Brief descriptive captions
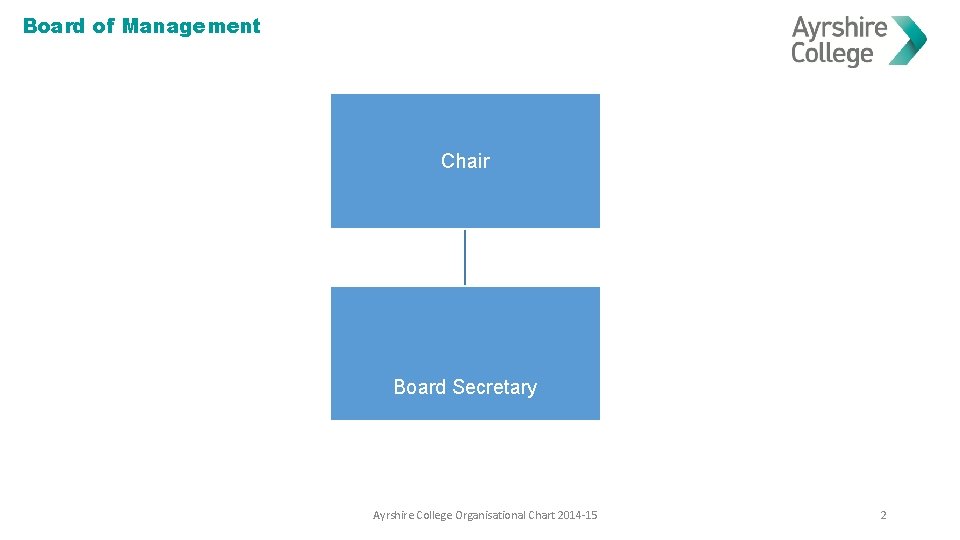 Board of Management Chair Board Secretary Ayrshire College Organisational Chart 2014 -15 2 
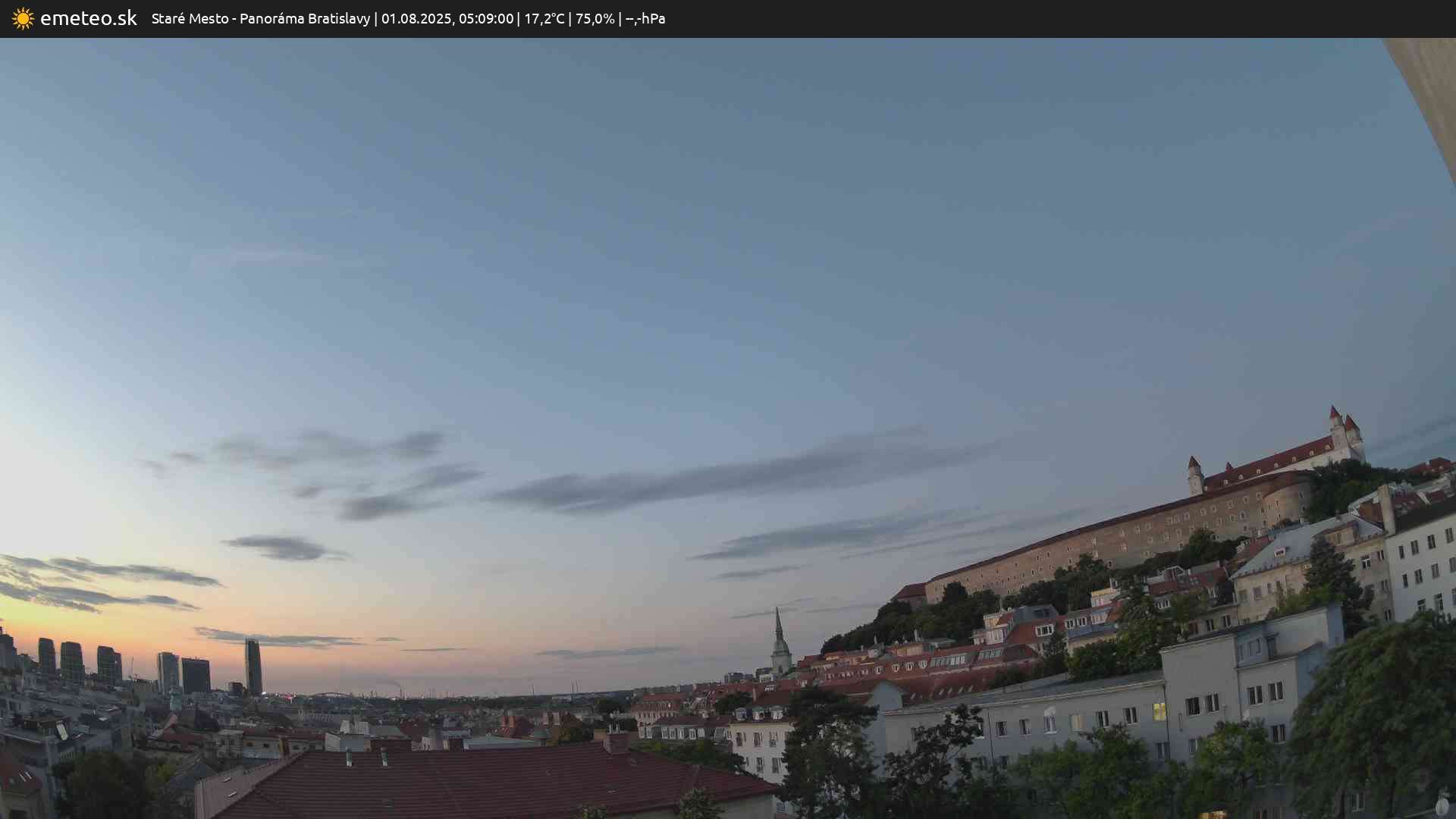 Panoráma Bratislavy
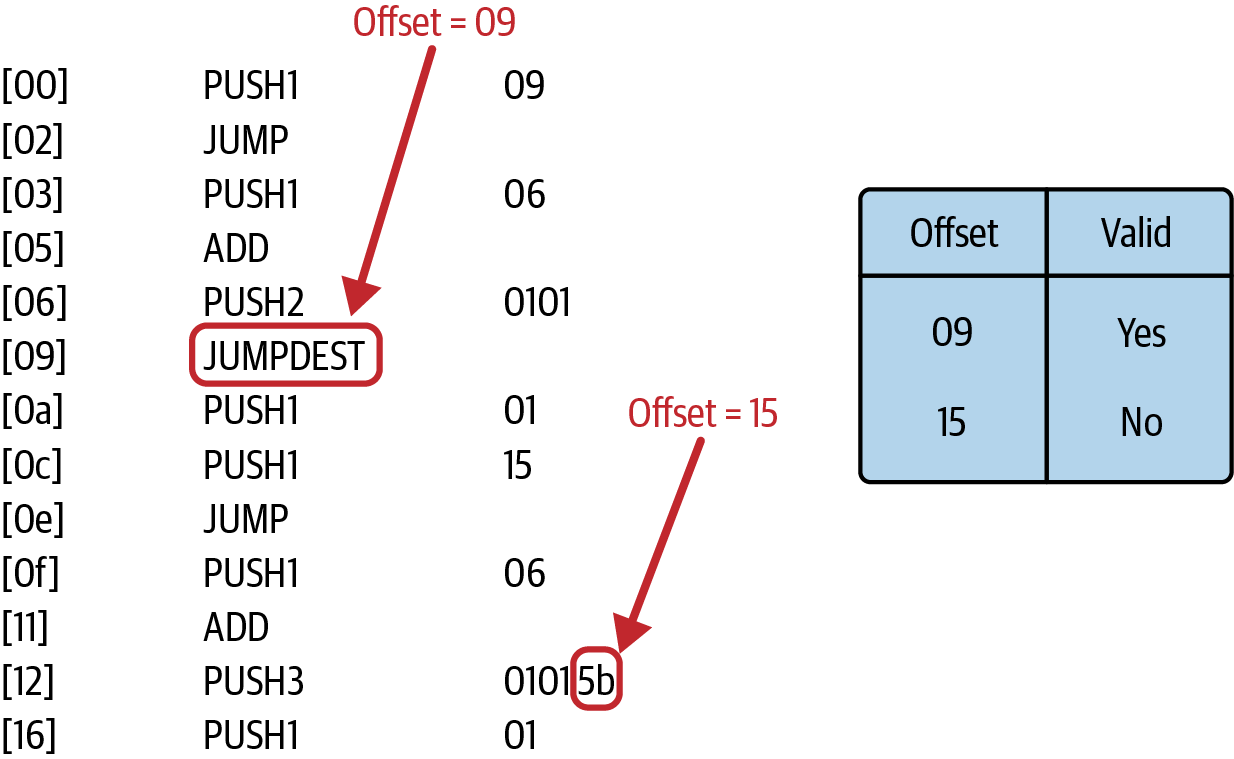 Jumpdest 分析映射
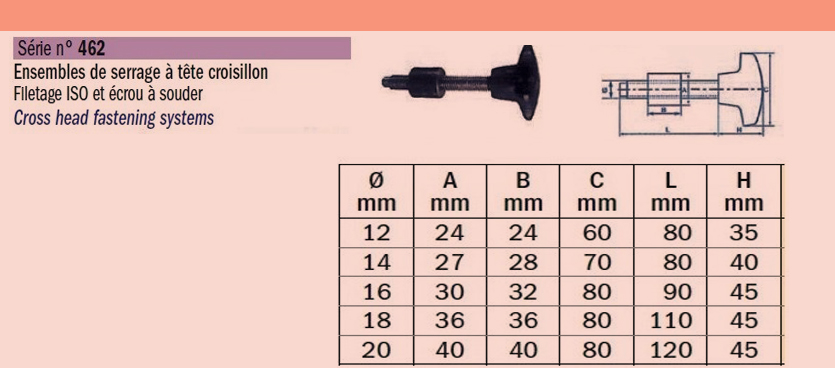 ensemble-de-serrage-a-tete-croisillon-sn462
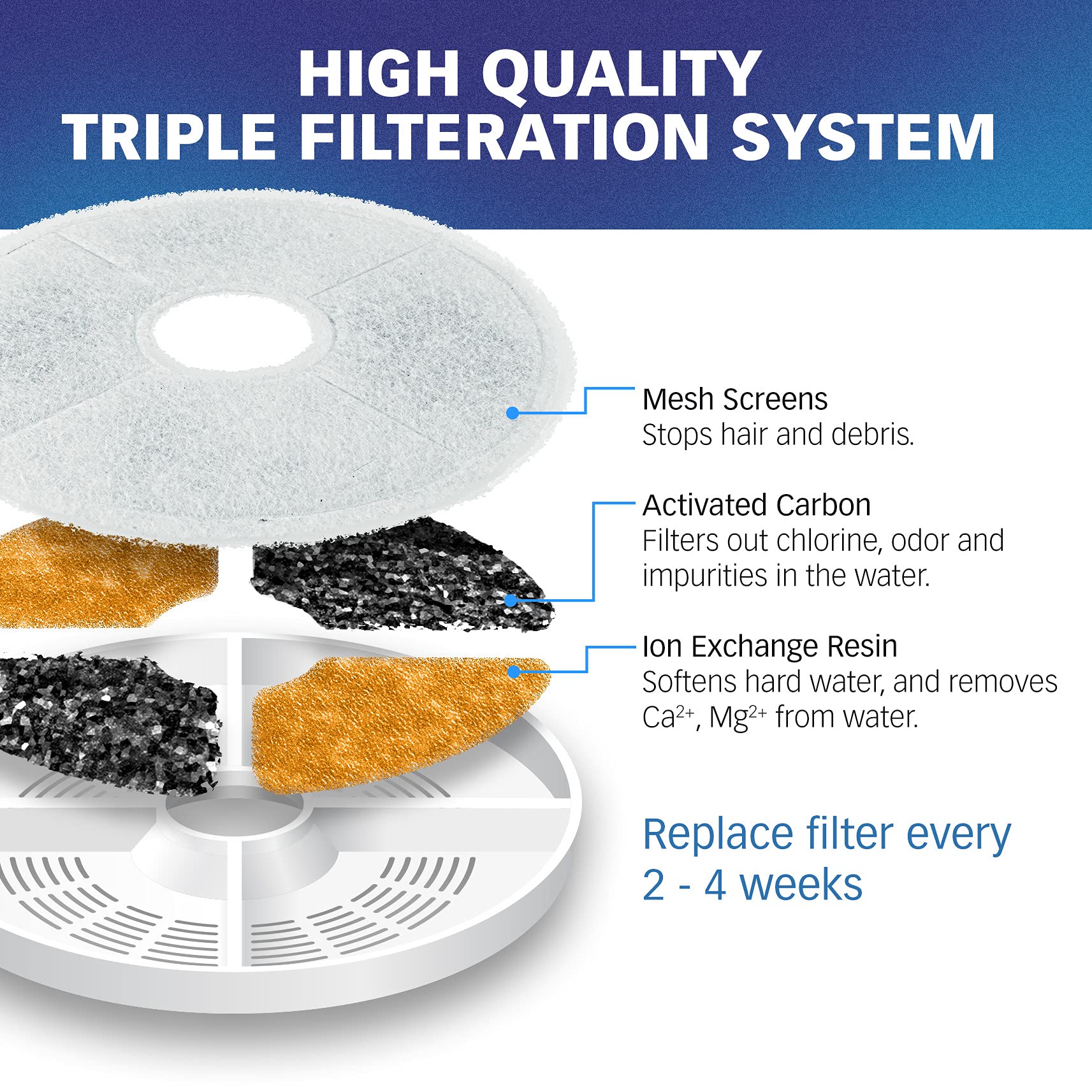 Filtre PET STANDARD Catit Fresh & Clear inox, eau plus pure pour la fontaine.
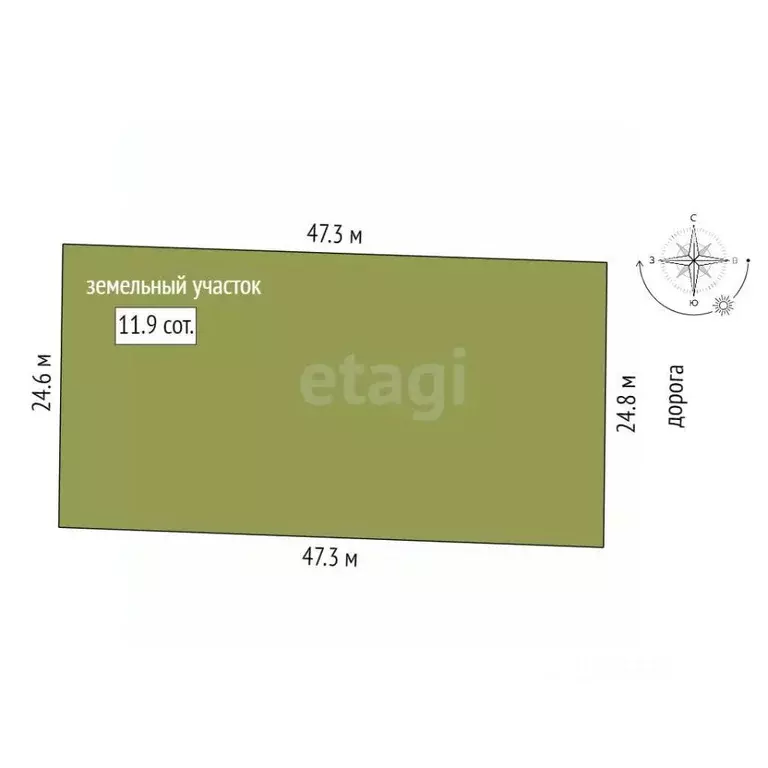 Участок в Пермский край, Пермский муниципальный округ, д. Большакино, ... - Фото 2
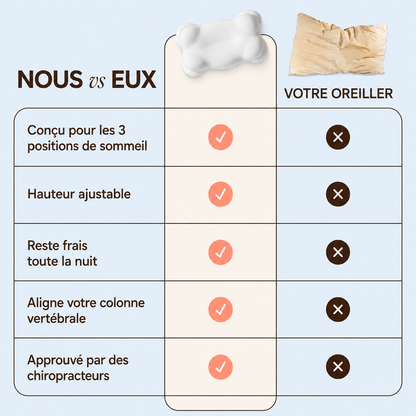 L'oreiller Loomi Cloud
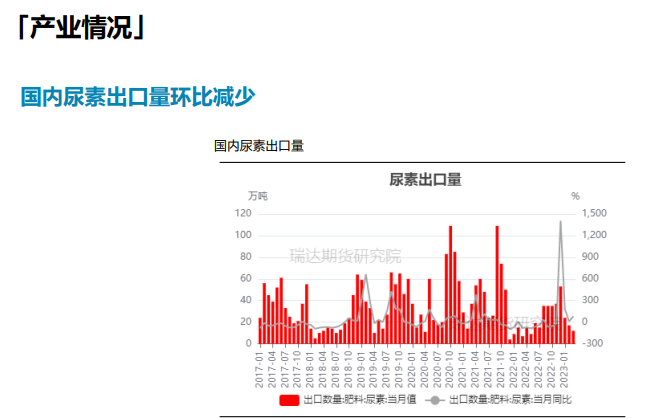 夏季走货氛围好转 尿素短期或持续下探寻支撑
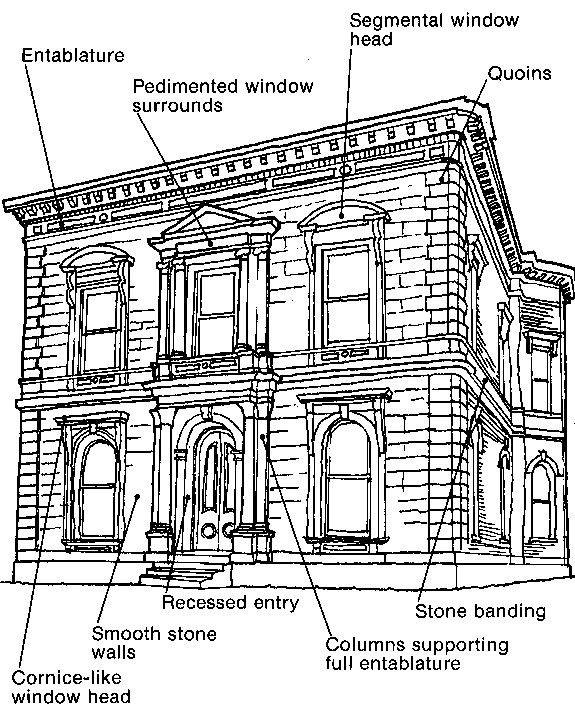 Основные архитектурные элементы фасада, названия и способы подчеркнуть их подсветкой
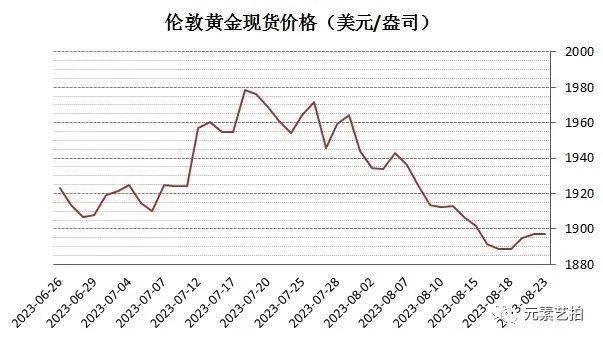 黄金价格刷新历史高位，足金首饰价格创新高，金价走势分析与未来预测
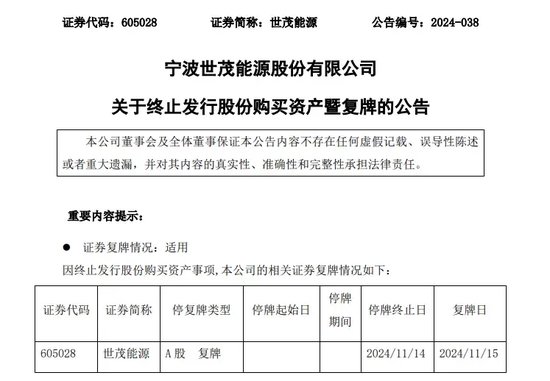 牛股突发!刚刚宣布:终止!明天复牌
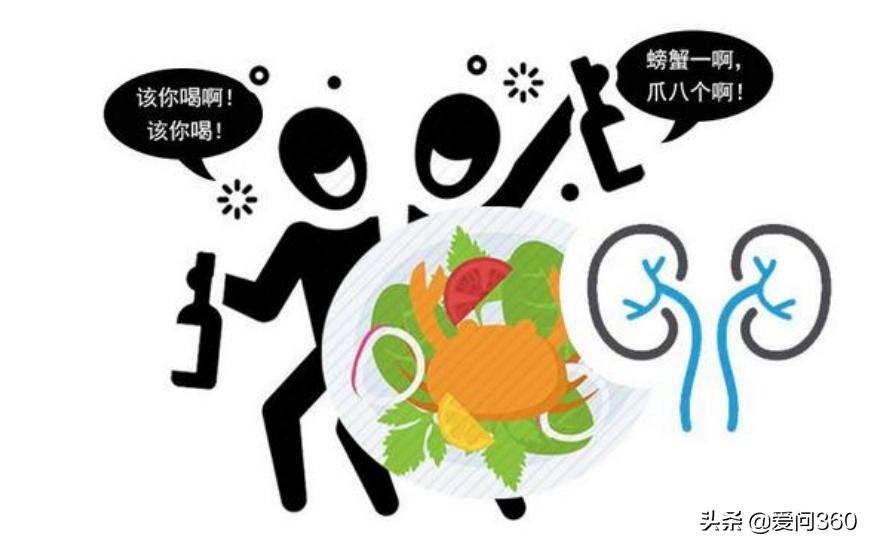 尿酸高怎么降下来平时应注意什么,尿酸高的人注意哪些事项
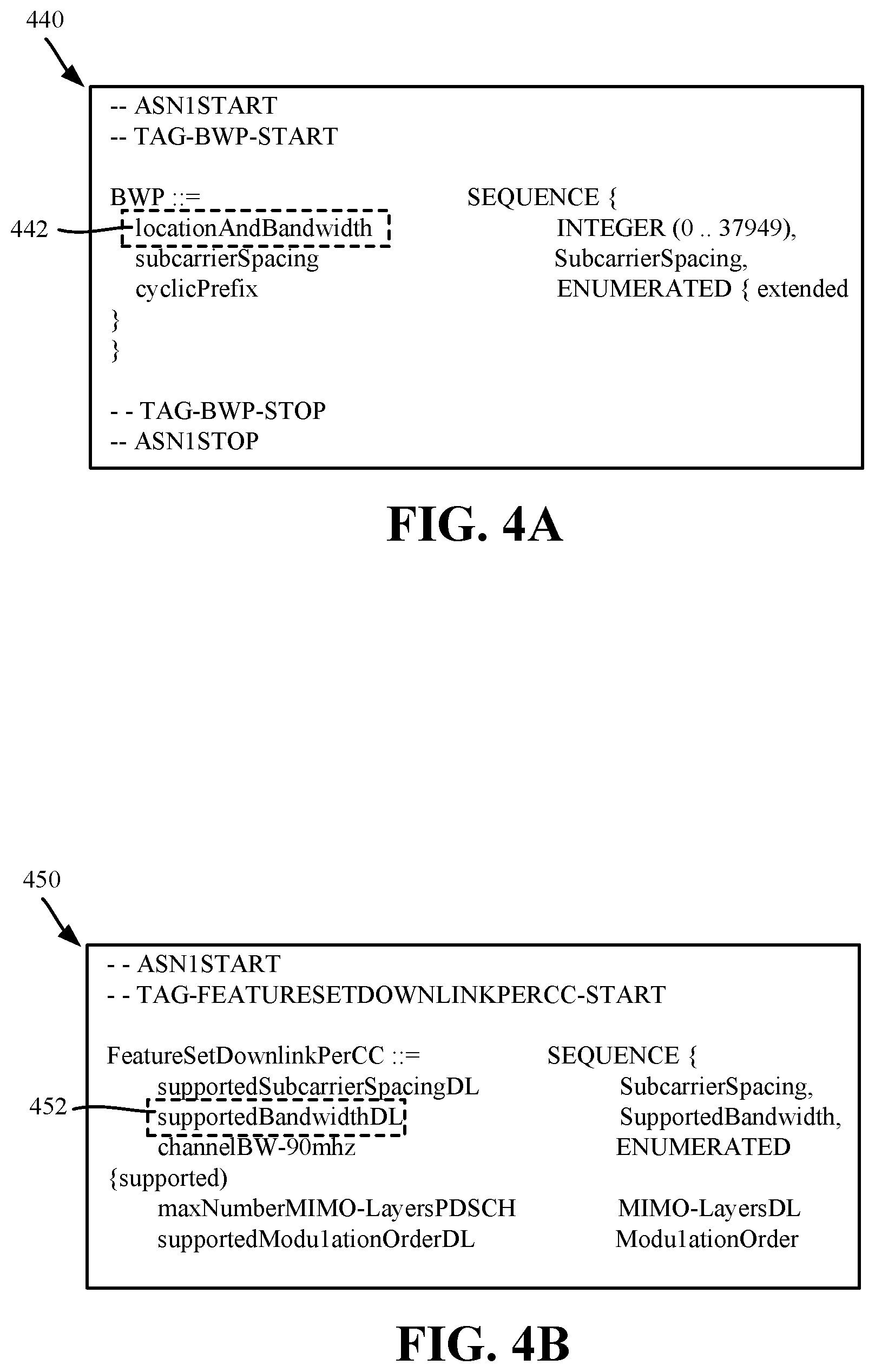 Patent US12356260 Figure 4 – Channel bandwidth assignment based on mobile communications device capability data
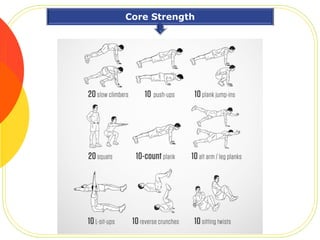 Core Strength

● **TRY IT**
In the copy, include no pictures; otherwise transcribe the entries exactly.

● **WRITTEN RESPONSE**
 Board of Management Chair Board Secretary Ayrshire College Organisational Chart 2014 -15 2 
 Panoráma Bratislavy
 Jumpdest 分析映射
 ensemble-de-serrage-a-tete-croisillon-sn462
 Filtre PET STANDARD Catit Fresh & Clear inox, eau plus pure pour la fontaine.
 Участок в Пермский край, Пермский муниципальный округ, д. Большакино, ... - Фото 2
 L'oreiller Loomi Cloud
 夏季走货氛围好转 尿素短期或持续下探寻支撑
 Основные архитектурные элементы фасада, названия и способы подчеркнуть их подсветкой
 黄金价格刷新历史高位，足金首饰价格创新高，金价走势分析与未来预测
 牛股突发!刚刚宣布:终止!明天复牌
 尿酸高怎么降下来平时应注意什么,尿酸高的人注意哪些事项
 Patent US12356260 Figure 4 – Channel bandwidth assignment based on mobile communications device capability data
 Core Strength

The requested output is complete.